On Thu, Nov 21, 2002 at 03:47:13PM +1100, Keith Owens wrote:
> The conventional wisdom is that compiling x86 without frame pointer
> results in smaller code. It turns out to be the opposite, compiling
> with frame pointers results in a smaller kernel. gcc version 3.2
> 20020822 (Red Hat Linux Rawhide 3.2-4).
I've been pushing a forward port of the CONFIG_FRAME_POINTER changes
that went into 2.4 for a while, but Linus hasn't taken them each time.
I'll keep pushing until I get a comment..
Dave
--
| Dave Jones. http://www.codemonkey.org.uk
| SuSE Labs
On Thu, 2002-11-21 at 12:55, Dave Jones wrote:
> On Thu, Nov 21, 2002 at 03:47:13PM +1100, Keith Owens wrote:
> > The conventional wisdom is that compiling x86 without frame pointer
> > results in smaller code. It turns out to be the opposite, compiling
> > with frame pointers results in a smaller kernel. gcc version 3.2
> > 20020822 (Red Hat Linux Rawhide 3.2-4).
>
> I've been pushing a forward port of the CONFIG_FRAME_POINTER changes
> that went into 2.4 for a while, but Linus hasn't taken them each time.
> I'll keep pushing until I get a comment..
Send it this way 8)
> The conventional wisdom is that compiling x86 without frame pointer
> results in smaller code. It turns out to be the opposite, compiling
> with frame pointers results in a smaller kernel. gcc version 3.2
> 20020822 (Red Hat Linux Rawhide 3.2-4).
I looked at 2.5.47 (with a splattering of performance patches) using
gcc 2.95.4 (Debian Woody), on a 16-way NUMA-Q, and did some kernel
compile testing. The times to do the tests were almost identical
(within error noise), but the kernel was indeed smaller
text data bss dec hex filename
1873293 396231 459388 2728912 29a3d0 2.5.47-mjb1/vmlinux
1427355 396875 455356 2279586 22c8a2 2.5.47-mjb1-frameptr/vmlinux
Wow ... that's quite some difference ;-)
> I use -momit-leaf-frame-pointer for optimization in some own
> projects, instead of the "-fomit-frame-pointer". For me, this
> results in better codesize/speed compared to both "-fomit-frame-pointer"
> or no option at all. Actually gcc-2.95 seems to support this feature
> as well, but it never made it into the 2.95 docs...
I tried this, but it seemed to be the same as -fomit-frame-pointer
(on 2.95 at least).
Given that omitting the -fomit-frame-pointer makes a smaller kernel,
that's easier to debug, I'd say this is a good thing to do unless someone
can get *negative* benchmark results.
M.
On Thu, Nov 21, 2002 at 10:30:49AM +0100, David Zaffiro wrote:
> I use -momit-leaf-frame-pointer for optimization in some own projects,
> instead of the "-fomit-frame-pointer". For me, this results in better
> codesize/speed compared to both "-fomit-frame-pointer" or no option at
> all. Actually gcc-2.95 seems to support this feature as well, but it
> never made it into the 2.95 docs... It makes debugging a lot easier too.
>
> So anyone "caring to benchmark", could you please test the
> "-momit-leaf-frame-pointer" option for x86 as well...

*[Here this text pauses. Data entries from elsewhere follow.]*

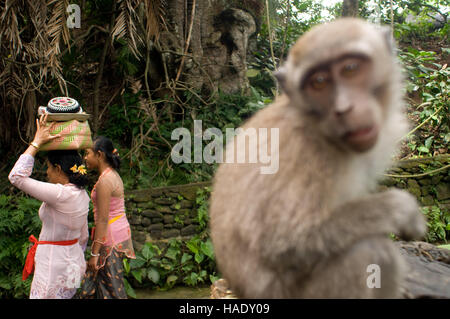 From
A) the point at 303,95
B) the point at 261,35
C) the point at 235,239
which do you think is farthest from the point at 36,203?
the point at 261,35

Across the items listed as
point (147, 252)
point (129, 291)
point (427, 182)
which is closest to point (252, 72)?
point (427, 182)

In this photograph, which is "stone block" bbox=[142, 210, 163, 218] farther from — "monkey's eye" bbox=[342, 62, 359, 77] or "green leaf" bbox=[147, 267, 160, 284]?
"monkey's eye" bbox=[342, 62, 359, 77]

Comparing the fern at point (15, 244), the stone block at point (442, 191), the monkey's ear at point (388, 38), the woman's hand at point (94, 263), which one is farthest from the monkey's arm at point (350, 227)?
the stone block at point (442, 191)

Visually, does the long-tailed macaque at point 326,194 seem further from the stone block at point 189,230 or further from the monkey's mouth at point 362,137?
the stone block at point 189,230

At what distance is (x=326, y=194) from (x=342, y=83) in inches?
19.9

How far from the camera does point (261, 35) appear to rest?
10.9 m

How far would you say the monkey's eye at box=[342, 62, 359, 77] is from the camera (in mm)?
1723

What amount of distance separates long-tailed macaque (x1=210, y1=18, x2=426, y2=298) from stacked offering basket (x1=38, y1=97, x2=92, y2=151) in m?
2.04

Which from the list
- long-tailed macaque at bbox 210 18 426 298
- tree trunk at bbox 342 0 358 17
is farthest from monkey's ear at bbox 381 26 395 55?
tree trunk at bbox 342 0 358 17

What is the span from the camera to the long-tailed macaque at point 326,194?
172 cm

Well, I tried on a 2.4.18+patches with gcc 2.95.3. bzImage is :
538481 bytes with -fomit-frame-pointer
538510 bytes with no particular flag
542137 bytes with -momit-leaf-frame-pointer.
So -fomit-frame-pointer shows the same as other's observation, but in this
particular case, -momit-leaf-frame-pointer made a slightly bigger kernel.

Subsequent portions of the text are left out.